Focusing on the four-cylinder version reminds me that too often, our exposure to new cars on press drives neglects the base versions that many shoppers want to see and drive. The plush six-cylinder, leather-lined editions can top $35,000--but this Highlander, with the four-cylinder and six-speed automatic and almost no options, is essentially the least expensive Highlander you can buy at around $27,000 base.
It's noticeable right away, but not objectionable. There's cloth on the seats and door panels, no satellite radio or USB connectors for MP3 players in the dash, no steering-wheel audio controls, nor any Bluetooth connection, though it did sport an auxiliary port for MP3 players. Oddly, our electric-blue Highlander contained a handful of options that made it perfect for, say, a dressage carpool in Death Valley: a third-row seat, a rear air conditioner, a towing package and an anti-theft system, as well as roof rails. The price out the door of $29,393 included $795 in destination charges.
It also included a "Toyoguard Plus Protection Group" for $699, which includes roadside assistance and other stuff you might already get with AAA, for example. Floor mats were another $299--also much cheaper from Pep Boys, maybe, if you're using this strictly for family carpooling. With that spare change you could get XM and Bluetooth from Toyota or a friendly Best Buy.

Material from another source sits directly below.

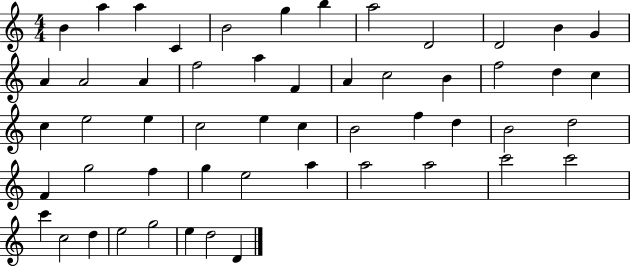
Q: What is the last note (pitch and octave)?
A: D4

The drivetrain's new for this year, and in the 2009 Highlander, the four-cylinder's at the edge of usefulness for a vehicle so large. The 187-horsepower, 2.7-liter four teams up with a six-speed automatic that sometimes feels more like a CVT in its shifting, as it hangs in low gears to accelerate. Shifts aren't always perfect, and uphill climbs get dithery, when the drivetrain computers seek the perfect algorithm to get you uphill on the adequate power. The four-cylinder's fairly smooth almost all the way through the rev range, a little noisy at the top end--but is a challenge to get going smoothly from a stop. The throttle tip-in is just too aggressive, making traffic lights a jumpy, bobbling affair.
The goodness inside comes down to room, and plenty of it. Vertical space lets me clamber in the Highlander without cracking my head on the roof. Low step-in height makes entry and exit easy in the first two rows of seats. Unlike Rex, I didn't think the rear seats were too cramped--but they do sit almost on the load floor, making for uncomfortable adult seating.

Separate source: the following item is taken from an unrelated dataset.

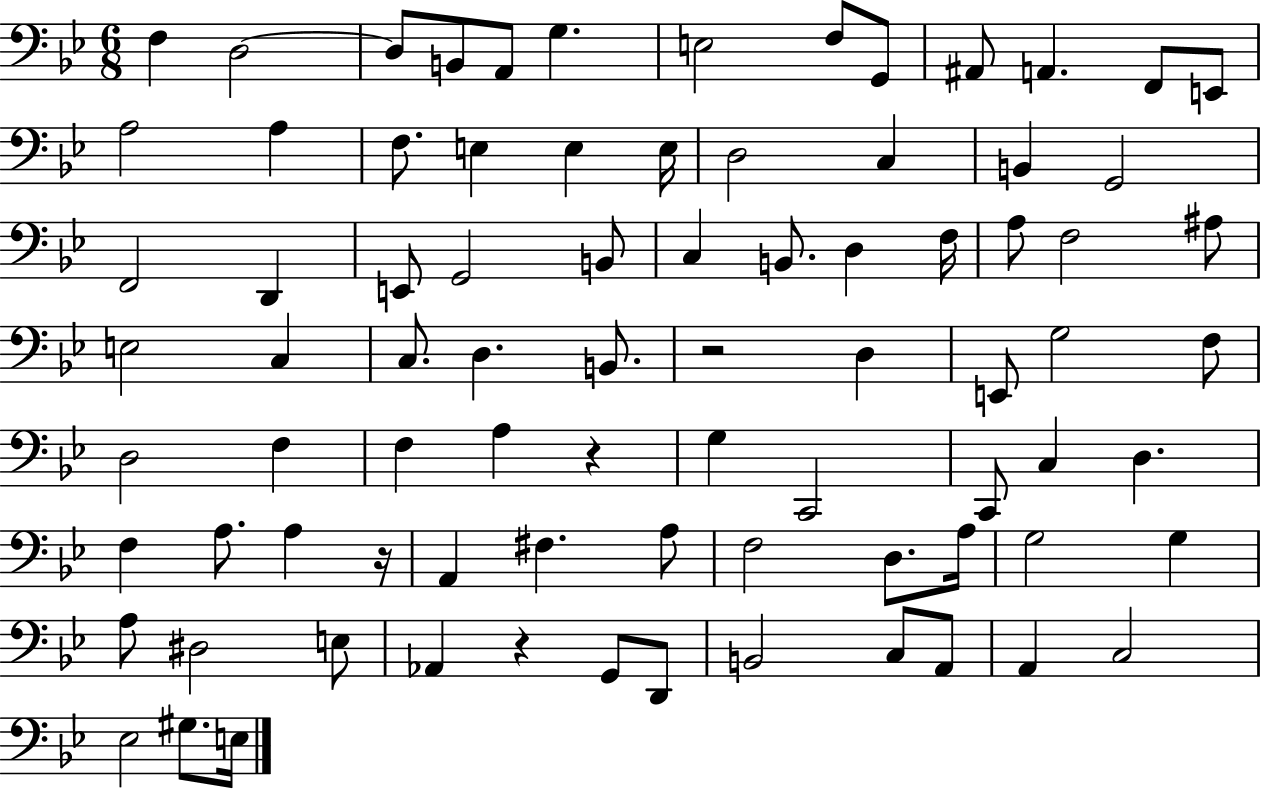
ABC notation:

The downsides inside lead off with mushy seats; one buddy said they felt like 1980s Korean-car seats, down to the fuzzy upholstery. Granted, they're wide enough for big American backsides. Other inexpensive details like the grain on the door pulls and the felt headliner are clear concessions to cost, as is the hollow sound of the doors closing. These are probably the right sacrifices to make for the nicer details at arm's reach: the sweeping dash looks rich and upscale. Great big, trucky knobs control the audio and climate functions, and four cupholders sit between just the front two seats. The Venza's flexible center console may work better but the Highlander's a close second. Then, there are the huge sideview mirrors--you can see yourself and a wide lane of cars guaranteed.
If you choose the Highlander, know the third-row seat deletes underfloor storage--and when it's up, it doesn't leave much room for any cargo behind it.So if your plans include the carpool and not the freight depot, the three-row, four-cylinder Highlander might fit an inexpensive family-car bill.